Compliance under the Official Secrets Act, 1923: All defence related installations automatically fall under categories of prohibited place which fall under the Official Secrets Act, 1923. A company undertaking any defence related manufacture or production for military purposes must comply with the provisions of the Official Secrets Act, 1923 especially if the government is involved and information is shared. Companies are liable for actions against them if any breach of security takes place which results in compromise of national security and national interest. The relevant provisions of the Official Secrets Act, 1923 then come into effect for attracting penal provisions. These have been mentioned under specific rules in the security manual for all licensed companies undertaking any activity related to defence production.

In the case of Safi Mohammed v. State of Rajasthan (2014) 1 SCC (Cri) 503, documents concerning national security and safety showing pinpoints of army targets were retrieved from employees working at railway quarters which could lead to air attacks from enemy nations. Unable to provide sufficient reason for possession of such documents led to officials being charged under the Official Secrets Act with rigorous imprisonment.
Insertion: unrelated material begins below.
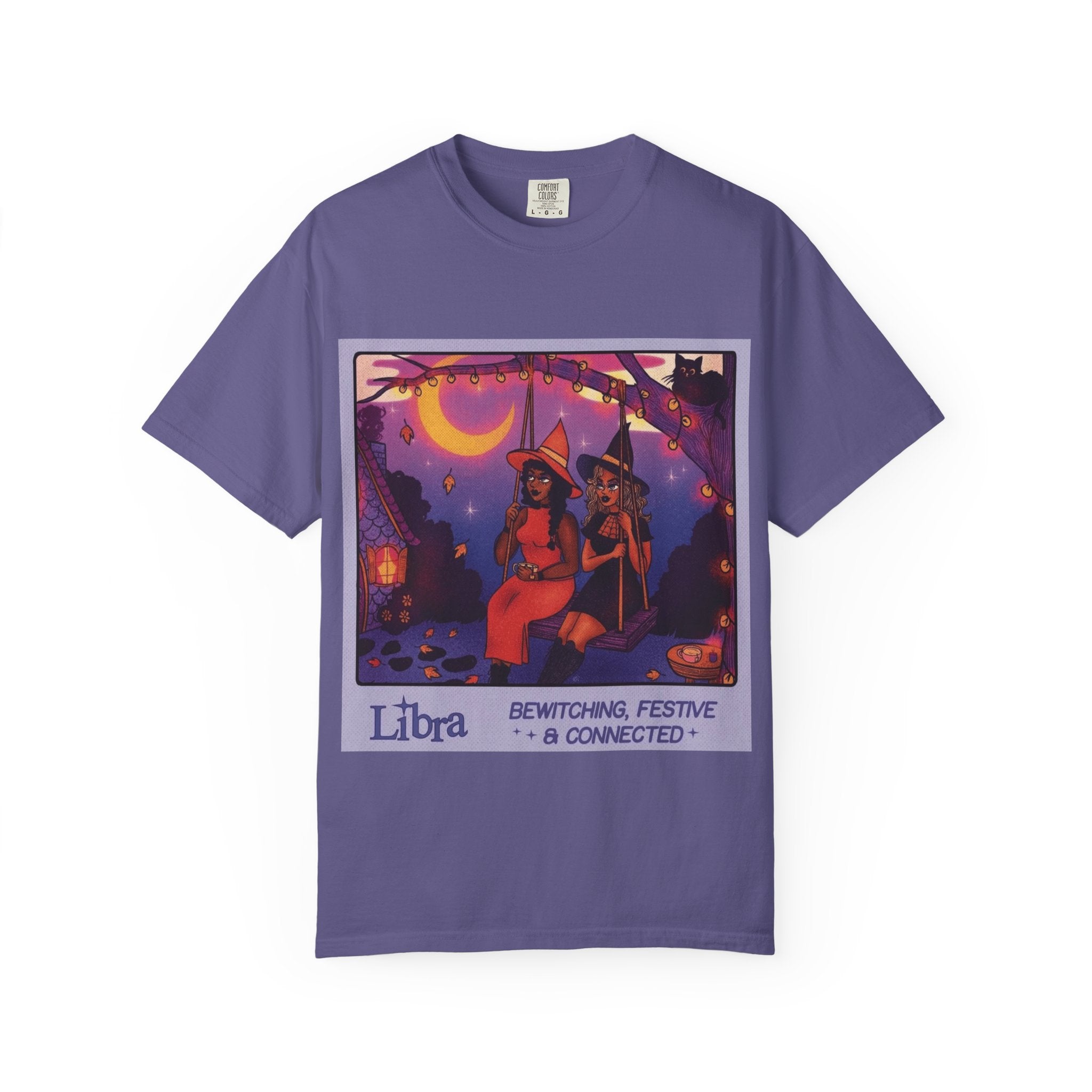 Spooky Vibes Only – Halloween Graphic Tee" Bewitching Libra T-Shirt - Festive and Connected - Unisex Garment - Dyed Tee for Astrology Lovers, Halloween, Birthdays, Gifts, Casual Wear - Metamorphosis Creations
Legal Advice & Legal Tips for Defence Tech Start-ups in India

  1. Depending upon the category of defence product being manufactured, the level of safety and security is determined accordingly (i.e, Category A , B or C as discussed above). If any company is involved in the manufacturing of the defence products that may lie in more than one category, then either a clear segregation of the areas of manufacturing for different categories of products should be done and subsequently the related security instructions should be applied or, if the areas of manufacture cannot possibly be segregated, the security instructions applicable to the higher level of security should be applied i.e for Category A.
  2. Companies must ensure thorough background and security checks for all employees or personnel in all levels of management that are acquainted with the in and outs of the manufacturing business especially, if classified information may be shared with the personnel. A record of the individuals information, background, history and character should be maintained. It is also important that all such employees or personnels involved in the operations should be Indian nationals, specifically the Cyber Information Security Officer (CISO) as well as the Company Chief Security Officer (CCSO).
  3. While filing patent, design or copyright applications ensuring that secrecy discretion is being imposed and the specifications are not published.
  4. Any obvious or patently visible ethical dilemmas that may be repugnant to morality or integrity while developing artificial intelligence machines or softwares should be avoided. General Data Protection Rules (GDPR) should be complied with for safeguards against automated decision making.
  5. Essentially, while drafting and negotiating contracts or sub-contracts with any third party (including the government) the points as discussed above should be complied with, including non-disclosure agreements, repercussion in cases of breach, ownership in Intellectual Property, duration of copyright licenses, liquidated damages etc.

The reforms and efforts in the digitisation and technological advancement in the defence sector will lead to a boom of private companies. Indigenisation by the government provides more prospects for Indian companies to be certain of their market. However, since matters of defence are controversial and include national security and interest, treading carefully is of paramount importance. Legal provisions are many and complying with all are equally important since the subject matter involved is of great importance. Breach of any of the legal compliance/provisions can lead to severe repercussions that are are not taken lightly in the eyes of the law when concurrent matters of international relation and national security are concerned.